Below are records with pictures in them. Output exactly the lines from the one with "Bragi Bergmann sæmdur gullmerki KSÍ" through the one with "Casa com 5 Quartos", both included, and leave every picture out; give only those lines.

---*---

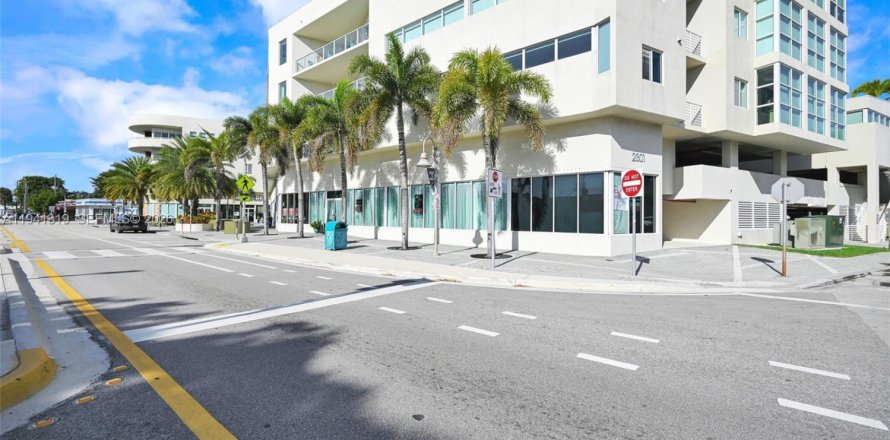 Commercial property in Wilton Manors, Florida № 1998564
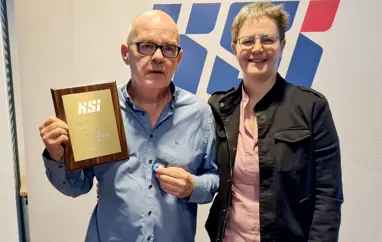 Bragi Bergmann sæmdur gullmerki KSÍ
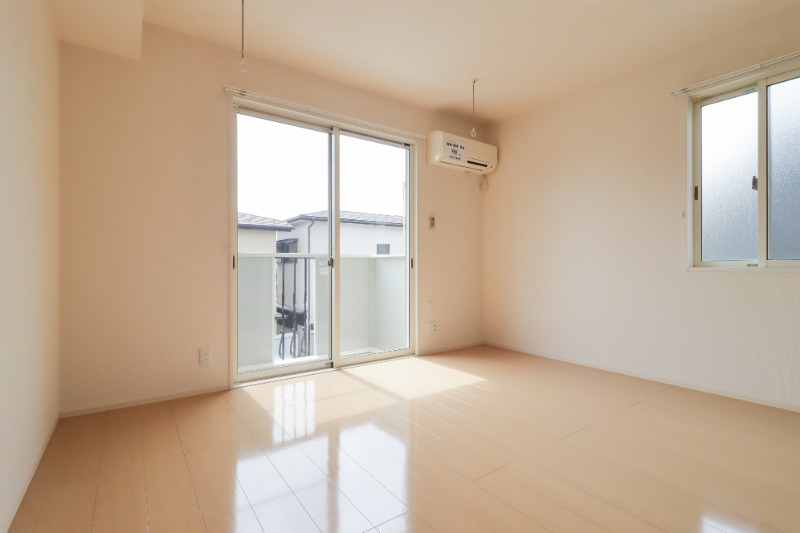 居室・リビング　図面と現状に相違がある場合には現状を優先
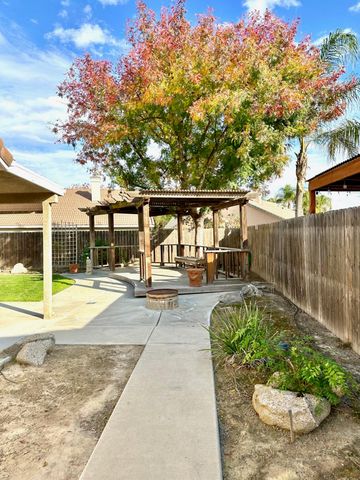 2743 Zion Way, Hanford, CA 93230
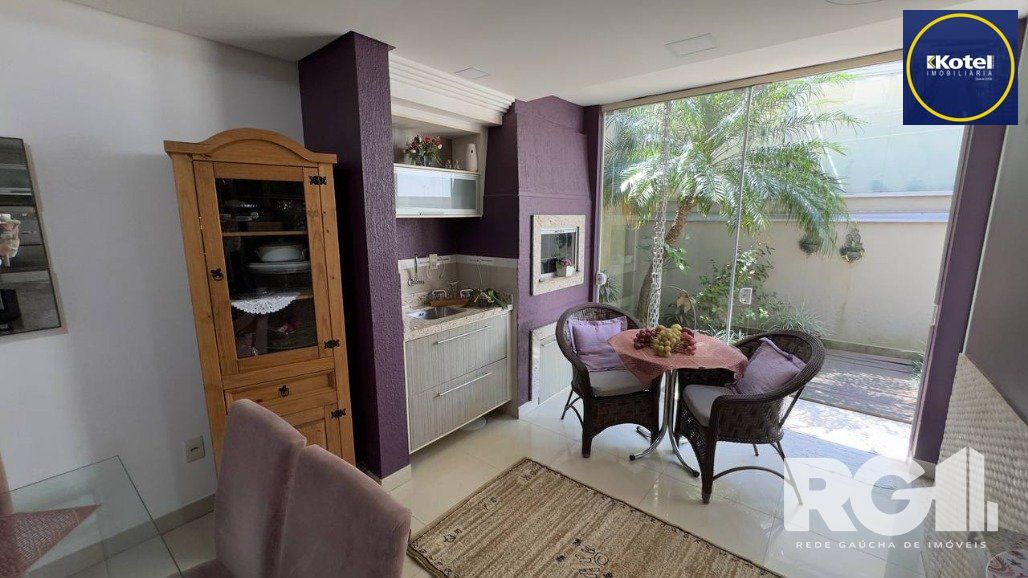 Casa com 5 Quartos 240m² privativos no Condomínio Parque Iguaçu. Bairro Ecoville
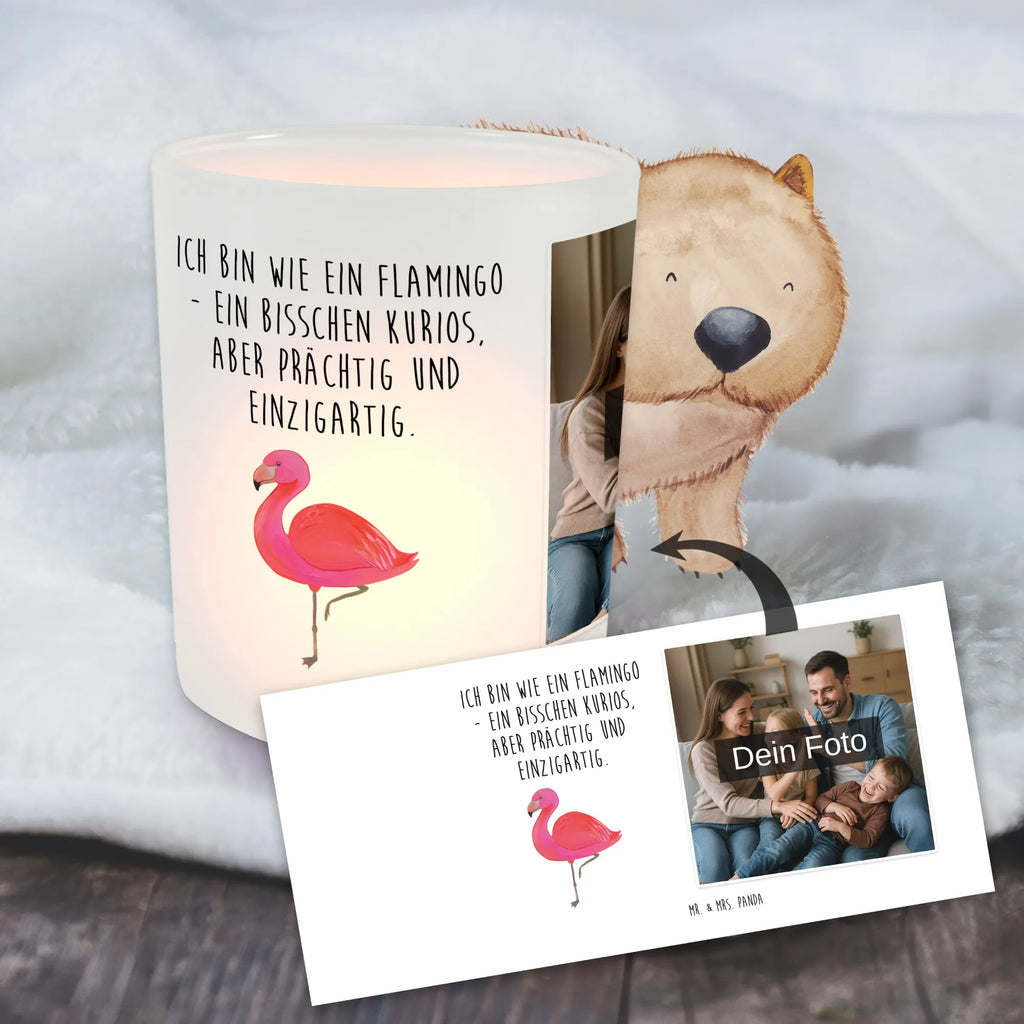 Personalisiertes Foto Windlicht Flamingo Classic Windlicht Laterne, Teelichthalter Outdoor mit Foto, Windlicht Kerzenhalter, Windlicht Modern, Windlicht Groß, Windlicht Design, Windlicht Dekoration mit Foto, Windlicht Skandinavisch, Windlicht Geschenk, Windlicht Glas mit Wunschfoto, Windlicht Für Draußen, Windlicht Nachhaltig, Windlicht Terrasse, Windlicht Boho, Windlicht Outdoor, Windlicht Romantisch, Teelicht Glas mit Foto, Windlicht Klein, Windlicht Handgemacht, Windlicht Garten mit Foto, Teelichthalter mit Foto, Windlicht Vintage mit Foto, Windlicht mit Foto, Windlicht Draußen selber gestalten, Windlicht Balkon, Windlichter mit Foto, Foto Teelichthalter, Teelichthalter mit Wunschfoto, Teelichthalter für draußen selber gestalten, Windlicht Wohnzimmer, Flamingo, Selbstliebe, Außenseiter, Stolz, ich, für mich, Geschwister, Einzigartig, Spruch, Freundin, Sohn, Tochter, Freundinnen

---*---

Your response:
 Bragi Bergmann sæmdur gullmerki KSÍ
 居室・リビング　図面と現状に相違がある場合には現状を優先
 2743 Zion Way, Hanford, CA 93230
 Casa com 5 Quartos 240m² privativos no Condomínio Parque Iguaçu. Bairro Ecoville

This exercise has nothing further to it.